ICMA-RC's 457 Deferred Compensation is voluntary for City of Franklin employees. It is offered in addition to the City of Franklin Pension Plan and ICMA-RC's 401(a) Defined Contribution Plan.
Deferred compensation is a program that allows employees to save and invest today for retirement. Federal income taxes are deferred until assets are withdrawn usually during retirement when the employee may be in a lower tax bracket.
Under Section 457 of the Internal Revenue Code, an employee may defer each year a maximum of 100% of their "gross compensation"* or annual dollar limit, whichever is less. The dollar limit for 2014 is $17,500. Participation is handled through payroll deduction so an employee's taxes are reduced each pay period.
ICMA-RC's plan allows employees to increase, decrease, stop and restart contributions as often as they wish, without fees or penalties, subject to the employer's approval.

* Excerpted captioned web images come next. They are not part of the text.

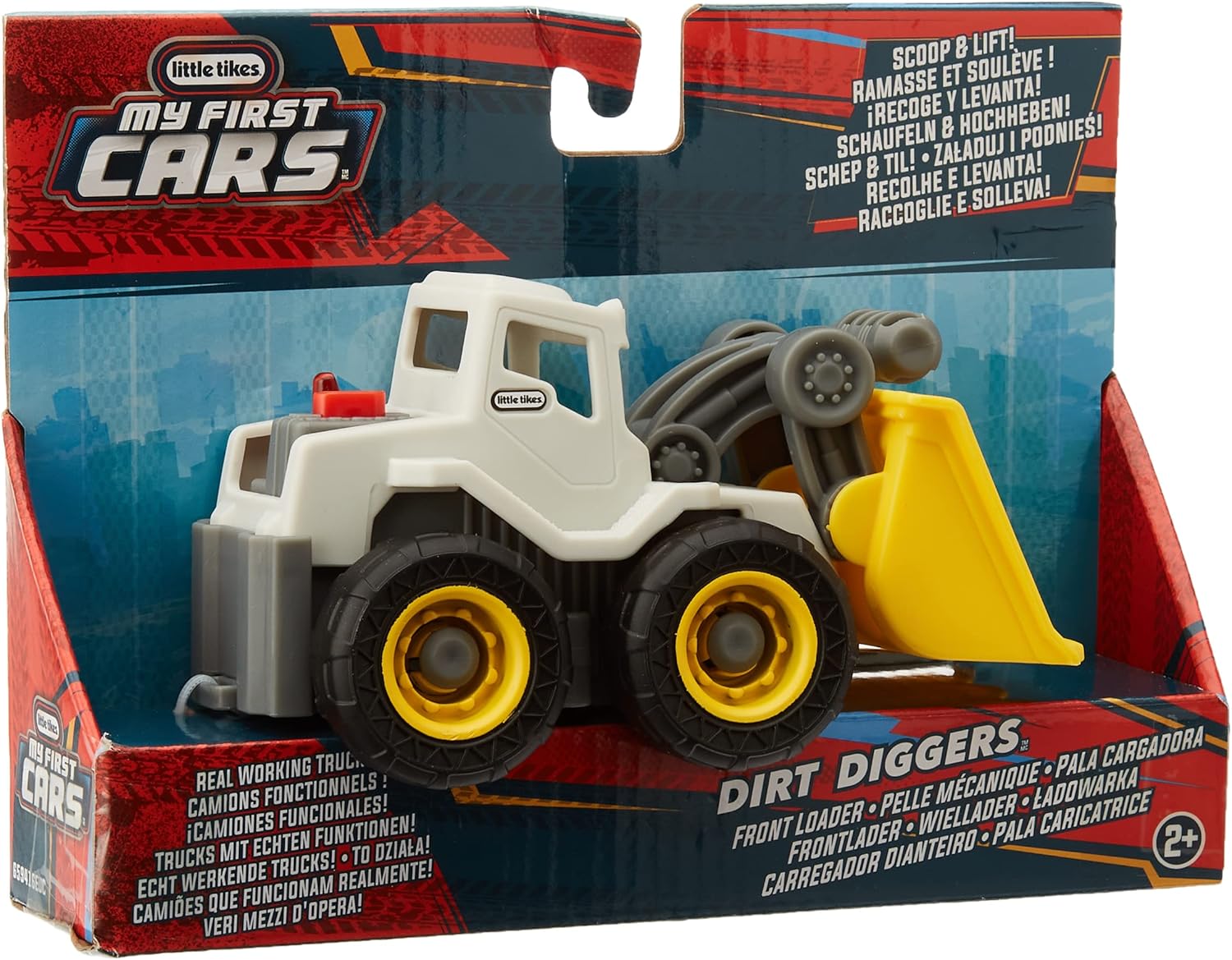 little tikes Dirt Diggers Mini - FRONT LOADER TRUCK - Construction Toy with Realistic Design - Durable Small Vehicle for Indoor/Outdoor Play - Easy to Hold - Encourages Imagination - For Kids Ages 2+
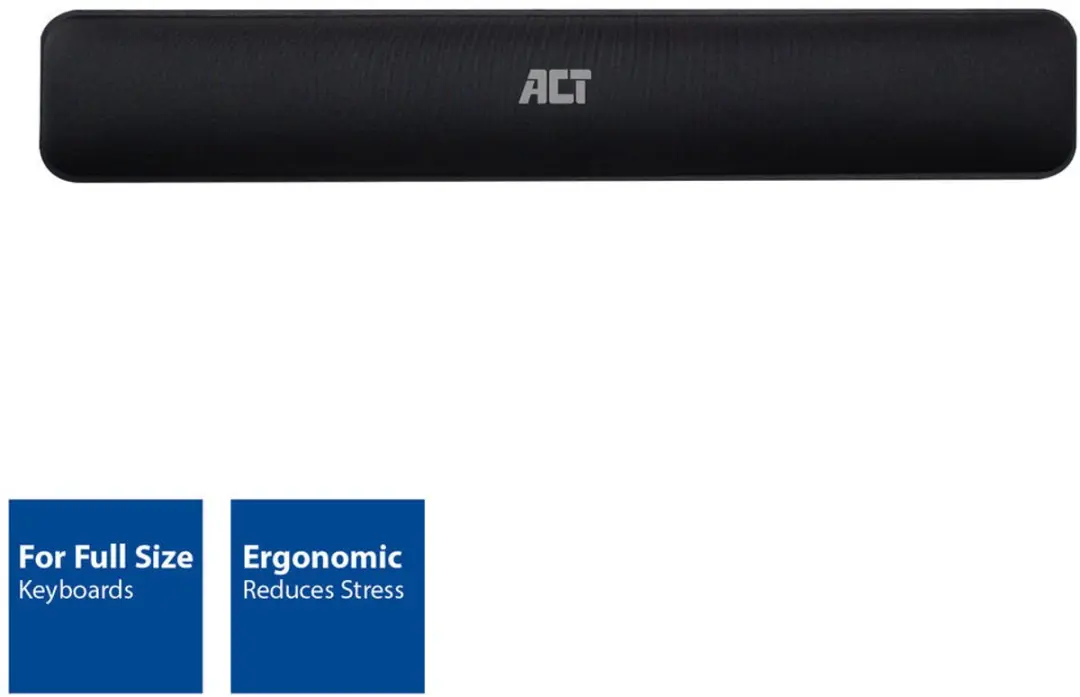 ACT AC8005 Polssteun Toetsenbord - Full-Size - Zwart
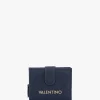 Brixton Small Foldover Blu Wallet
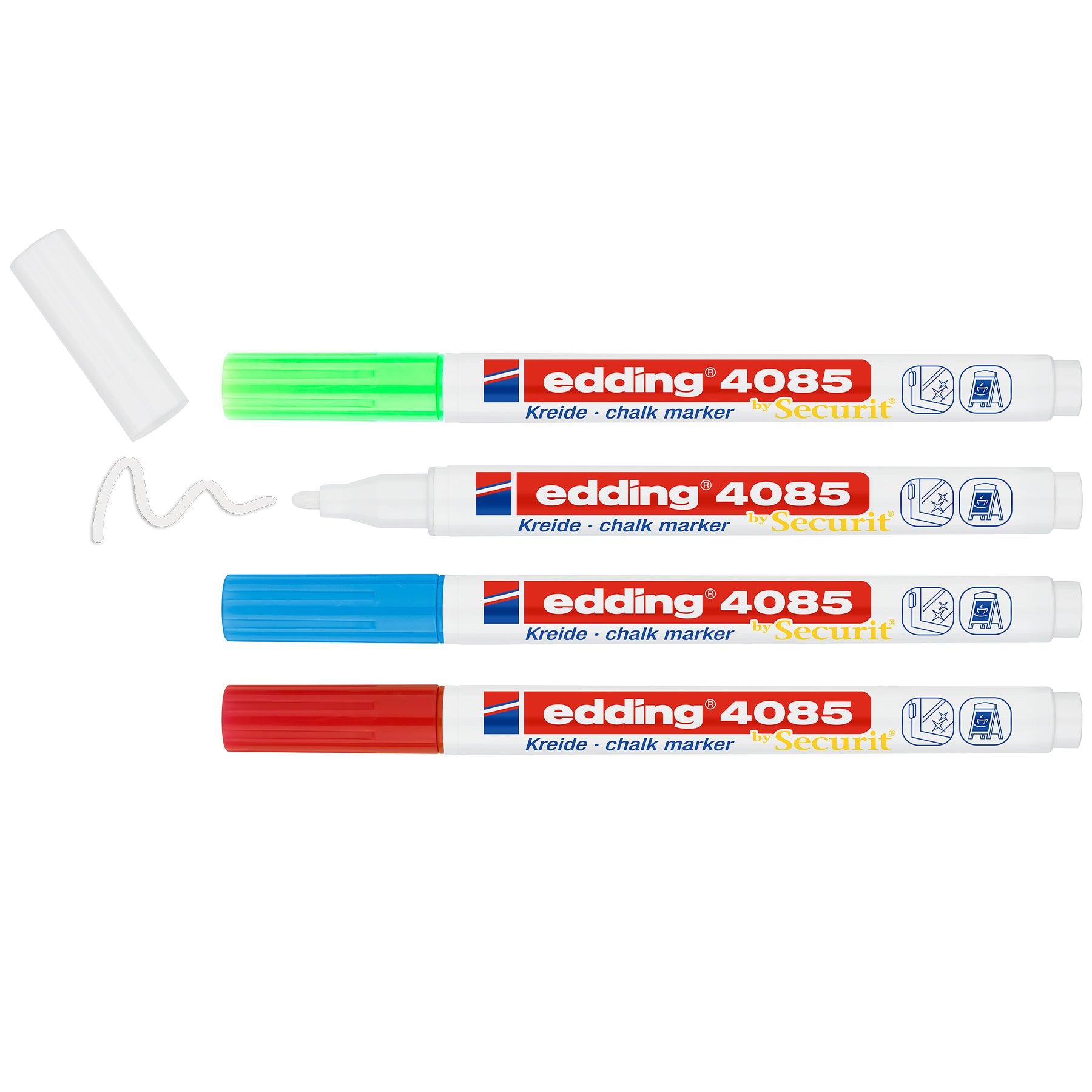 edding 4085 Chalk Marker Blister 4pk - Basic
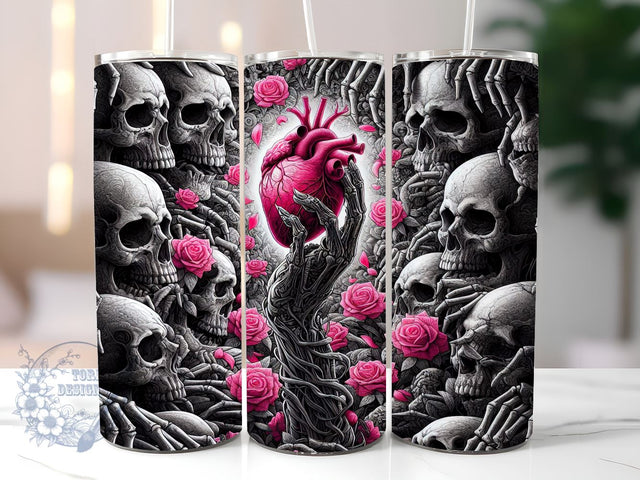 Spooky 20oz Skinny Tumbler, Halloween Tumbler Png, Straight & Tapered Tumbler Wrap, Instant Digital Download Sublimation ToriDesigns 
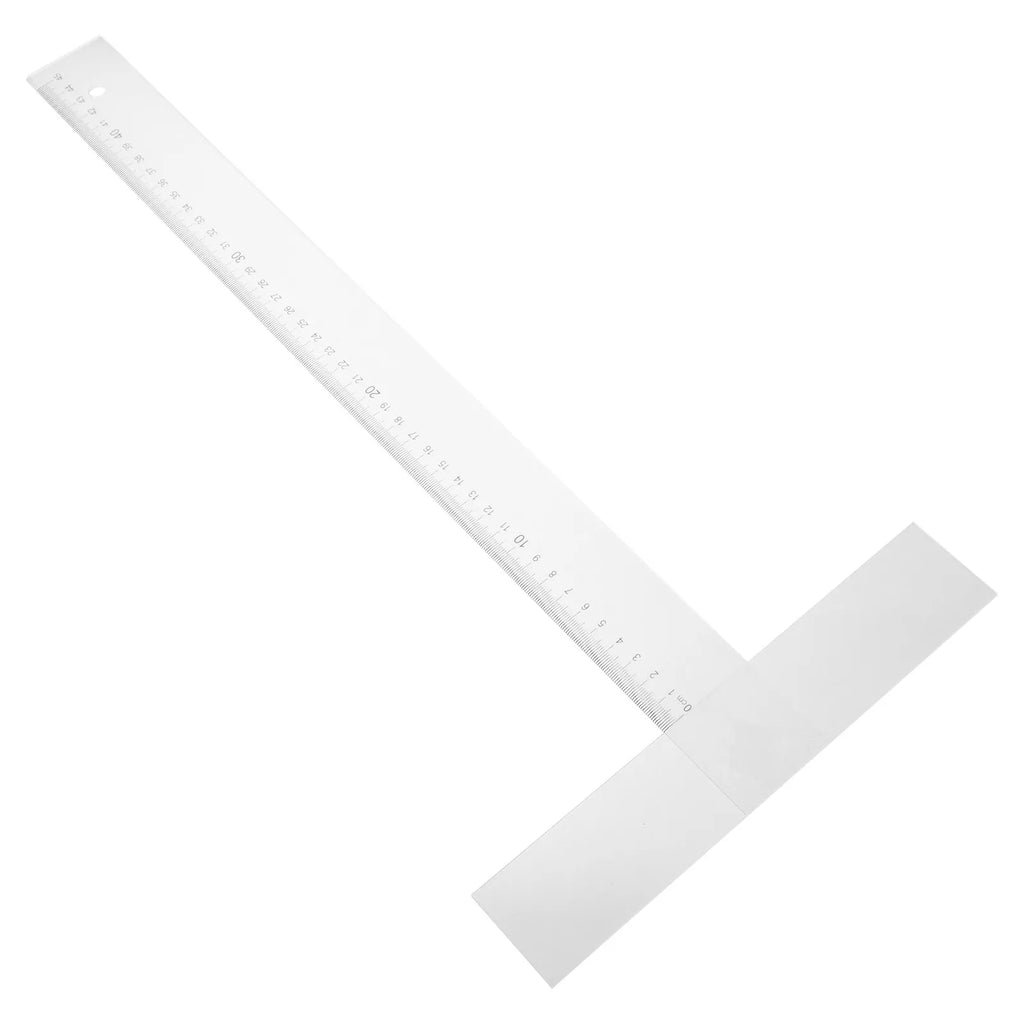 T Ruler 18 Inch Sturdy Crafting Square Lightweight Drafting Parallel Woodworking Measuring Tool Portable Precision Carpenter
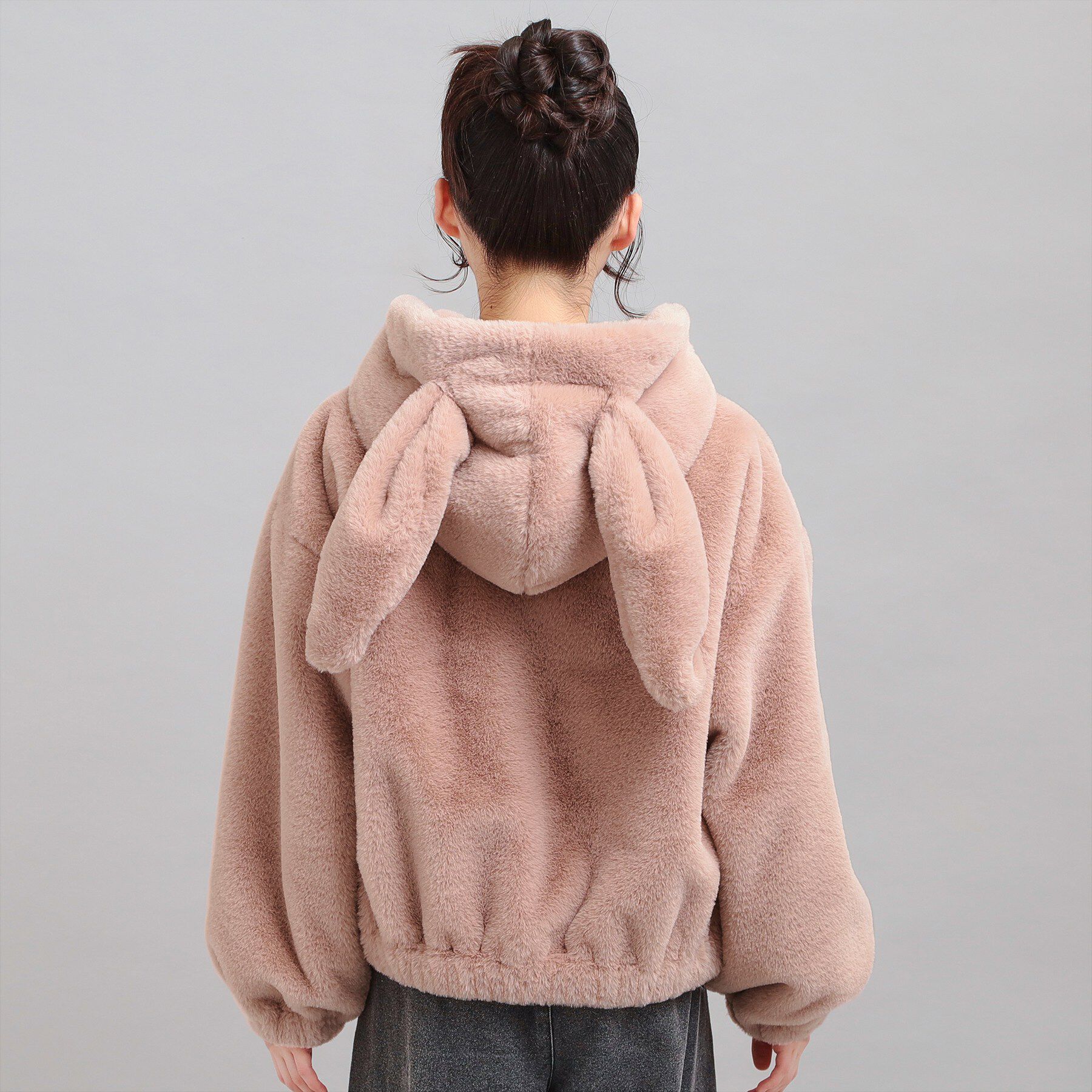 PINK-latte「耳付きフェイクファーブルゾン」|ブルゾン・スタジャン|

A 457 plan offers many advantages:
- Employees can reduce their current income taxes while boosting their retirement investments.
- Earnings accumulate tax deferred.
- An employee can dollar cost average through convenient payroll deductions.**
- If an employee is 50 (or older) or within three years of normal retirement age and already contributing the maximum to their plan, they are allowed to make additional "catch-up" contributions.
- It is portable. If an employee changes jobs they can consolidate their savings in another public sector employer's 457 plan, a qualified 401 plan, a tax-sheltered 403(b) annuity plan, or a Traditional IRA.
*Gross compensation must first be reduced by any mandatory pre-tax ("picked-up") employee 401 plan contribution.
**Dollar cost averaging does not assure profit or protect against loss in a declining market. Since dollar cost averaging involves continuous investing, regardless of fluctuating prices, investors must consider financial ability to continue to invest during low price levels.